- **ABOUT THIS EXERCISE**:
The copy you return should hold only the lines from the top of the data below through the line with "To scan a QR", each duplicated exactly and with no pictures.

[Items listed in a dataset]
★ ★ ★ ★ ★ ★ ★
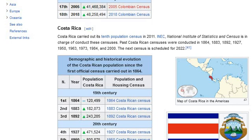Costa Rica carried out its 10th population census in 2011. INEC, the National Institute of Statistics and Census, is in charge of conducting these censuses.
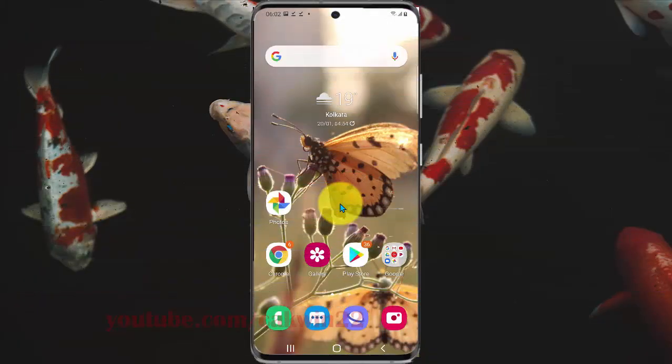To scan a QR code in a picture on Samsung Galaxy S20, open the picture you want.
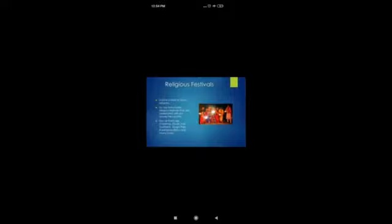Religious festivals are festivals celebrated by a particular religion across the nation. These include Christmas, Diwali, Holi, Dussehra, Durga Puja, Raksha Bandhan, Janmashtami, and many more. Let us know about each festival one by one.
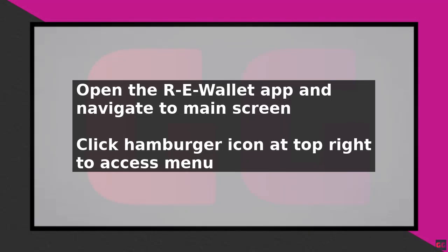To change your password in the re wallet app, start by opening the app and navigating to the main screen. At the top right, click on the hamburger icon, which is represented by three lines.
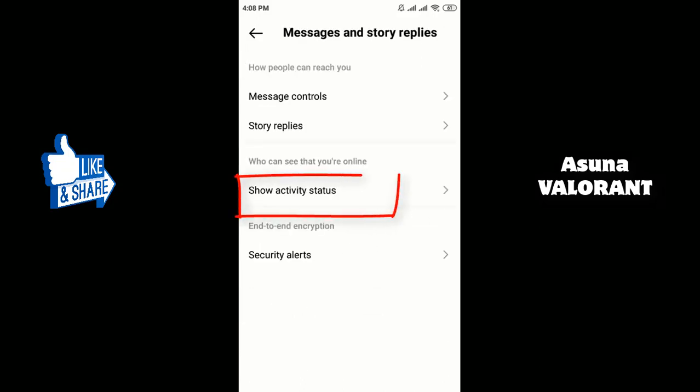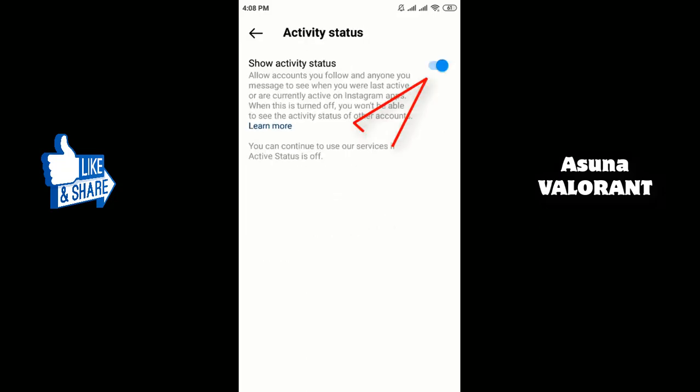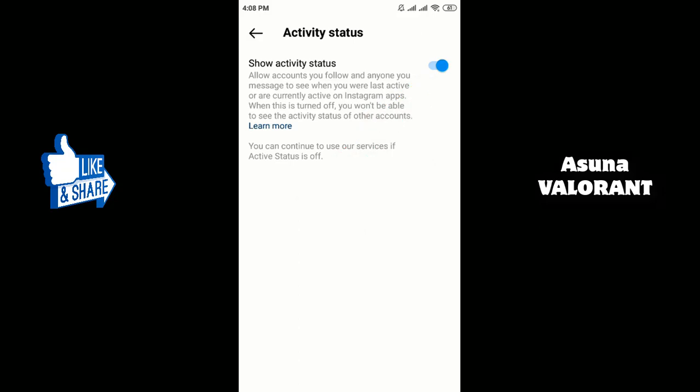Tap on Show Activity Status. Tap the toggle next to Activity Status to turn off your activity status.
★ ★ ★ ★ ★ ★ ★
- **EXERCISE ANSWER**:
Costa Rica carried out its 10th population census in 2011. INEC, the National Institute of Statistics and Census, is in charge of conducting these censuses.
To scan a QR code in a picture on Samsung Galaxy S20, open the picture you want.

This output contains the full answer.